Even so the syndicates got away with it and went even further, sometimes buying up a town's two or more papers and then merging staffs and centralizing operations in one building, producing two or more lackluster versions of the same paper, with reduced costs and fewer reporters and support staff to pay, ergo more money to make.
The end of this newspaper acquisitions bubble has arrived. Because of the high costs of buying up otherwise successful and profitable papers some chains and their papers are faced with a debt load that is leading them into the red. The Tribune Company chain has already gone into bankrupcy as well as other major holding companies, leaving the future of many papers in doubt. A number of large papers are up for sale. All rather reminiscent of Detroit's long march in buying up all its smaller competitors and having cornered the market, why worry about what people want? We give them what we want. Though many bought-up papers were good and would have been financially sound on their own if they hadn't been acquired.
If Japan came to the rescue of the American car buyers with better and cheaper cars, still the Big Three weren't impressed.
But Japan is hardly going to drop a compact bombshell into the American newspaper market. We're on our own and it doesn't look good.
Even the biggest and most successful chains and papers are cutting back drastically, laying off more and more reporters and staff like the McClatchy chain recently, perhaps the best of the lot, run by newspapermen and women, not just by accountants. Other chains have cut staff even more brutally in an effort to stay alive. Other papers are simply going out of business, axed by chains as so much dead wood. Some Independents are folding too, no longer able to make it on their own with dwindling revenue and some even without a debt load.

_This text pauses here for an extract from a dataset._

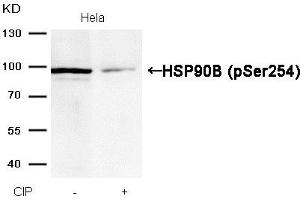 Western blot analysis of extracts from Hela cells, treated with calf intestinal phosphatase (CIP), using HSP90B (Phospho-Ser254) Antibody. (HSP9AB1 (pSer254) 抗体)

Times are remarkably tough. Even big sucessful papers like The Los Angeles Times have cut back their newsroom staffs to half of what they were a few years ago. It's the slow death of what has been called the Fourth Estate, the major force protecting society, the First Estate being us, to counter the power of the other two Estates, now largely beaten by the Press, the Church and the Nobles, except now we have Big Money instead of the nobility practising Feudalism. Without any critical oversight, new Estates like big government and big business run roughshod over the public interest. Would Watergate have broken without some serious and powerful journalism? Would Bush Administration failures have been tackled without some heavy-hitters in the media? Though the fear factor was great enough to silence or muzzle many papers and TV News outlets. We'll probably hear a lot more when journalists screw up their courage to write some history books on the Age of Terror in America.
Some progressive Darwinian capitalists will say that other news organizations will rise to take up the slack as newspapers fail. There's TV journalism and more news on the Internet. Yeah but there are still fewer journalists working and the local 6 0'clock news usually is about as important as the big fire on Maple Street or the car crash in a feeder lane into town. What goes on in City Hall or at the big plant in town, unless some shooter goes in, isn't going to make any airtime.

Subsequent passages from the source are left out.